Today is the first day of our favorite Belgian festival, Pukkelpop. Last year a unexpected whirlwind caused an early, dramatic end to this festival. Three people lost their lives. It left the festival goers, organization and the rest of our country in shock and disbelieve. Nevertheless thanks to the organization’s positivity and passion today Pukkelpop is back! We wish every one who’s going an awesome time and good luck to the organization!
And for this occassion here are some archive pictures of some heady, rain-soaked days and nights at another epic festival, Woodstock! “The original plan was for an outdoor rock festival, ‘three days of peace and music’ in the Catskill village of Woodstock. What the young promoters got was the third largest city in New York state, population 400,000 (give or take 100,000), location Max Yasgur’s dairy farm near the town of White Lake.”
It was a real city, with life and death and babies — two were born during the gathering — and all the urban problems of water supply, food, sanitation and health. Drugs, too, certainly, because so many of its inhabitants belong to the drug culture. Counting on only 50,000 customers a day, the organizer had set up a fragile, unauthoritarian system to deal with them. Overrun, strained to its limits, the system somehow, amazingly, didn’t break. For three days nearly half a million people lived elbow to elbow in the most exposed, crowded, rain-drenched, uncomfortable kind of community and there wasn’t so much as a fist fight.

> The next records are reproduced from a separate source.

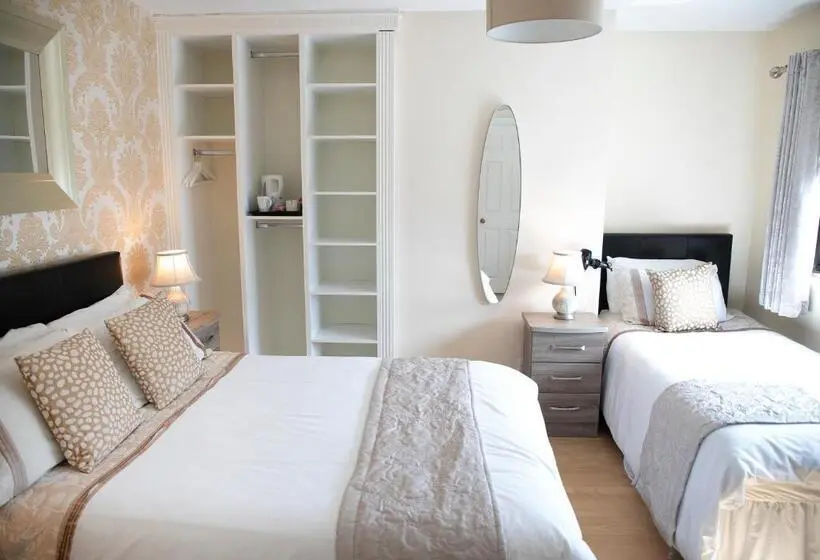 Standard Kolmen Hengen Huone, Arch House B&b & Apartments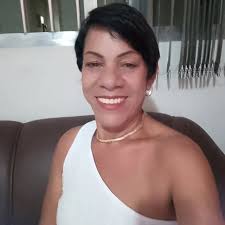 Tá barato ou tá caro? 3 pencas de banana da terra, 20 reais.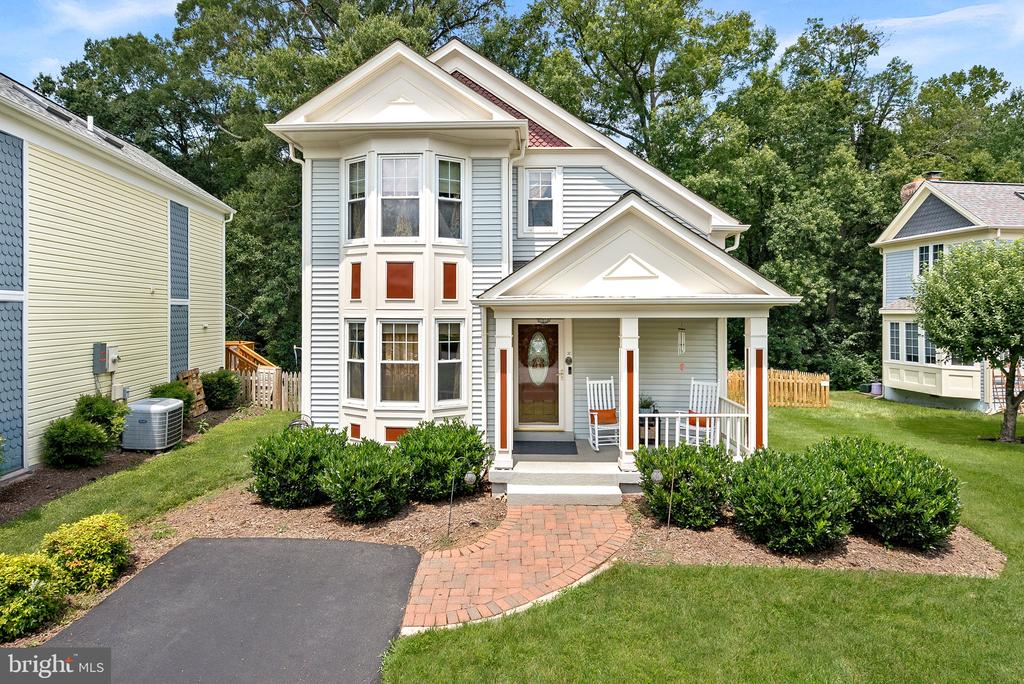 11 FERGUSON COURT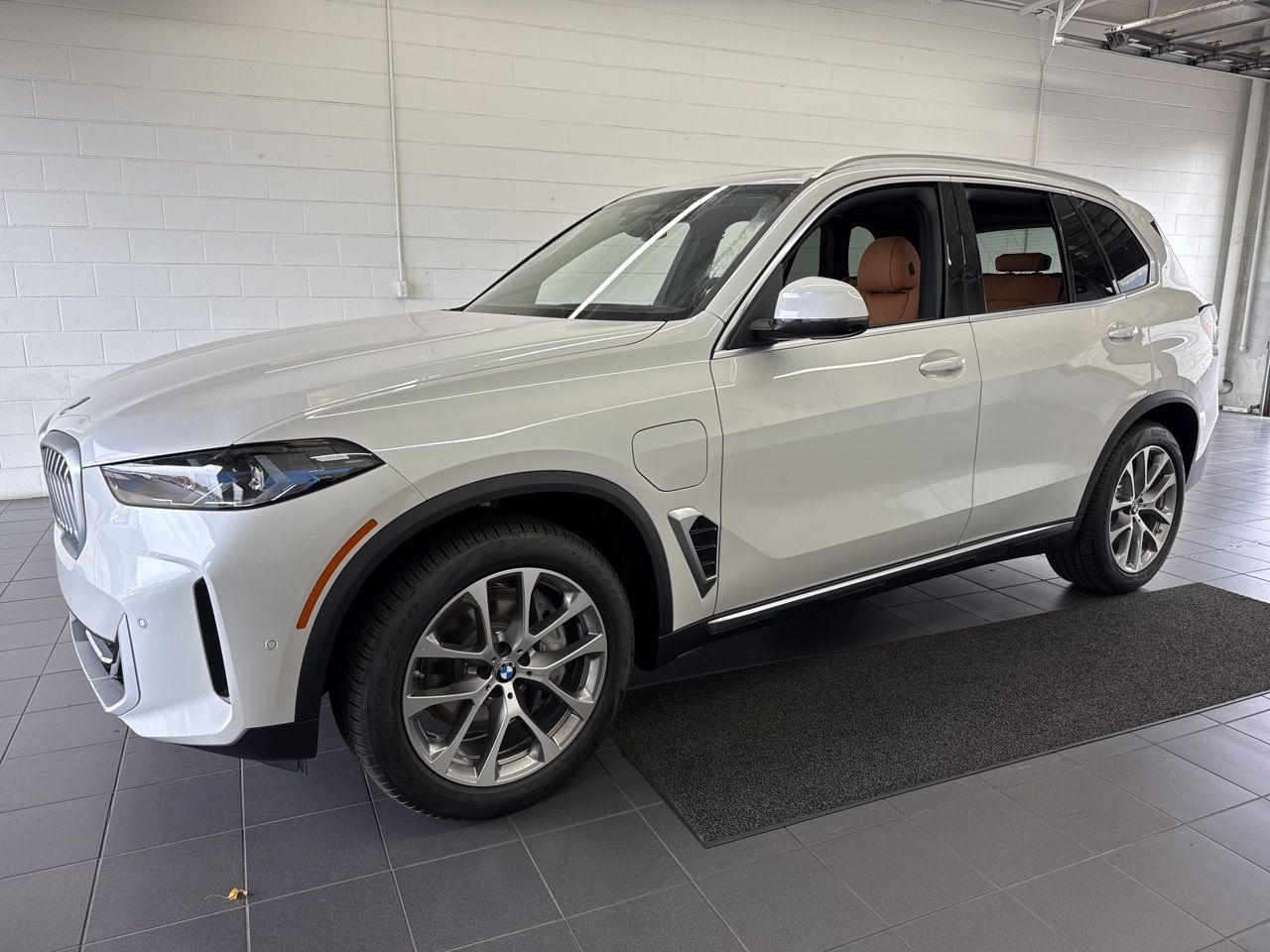 2026 BMW X5 50e - Photo 4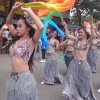 Mê đắm xem gái Tây xinh đẹp nhảy múa trên đường phố Huế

For those who passed through it, Woodstock was less a music festival than a total experience, a phenomenon, a happening, high adventure, a near disaster and, in a small way, a struggle for survival. Casting an apprehensive eye over the huge throng on opening day, Friday afternoon, a festival official announced, “There are a hell of a lot of us here. If we are going to make it, you had better remember that the guy next to you is your brother.” Everybody remembered. Woodstock made it.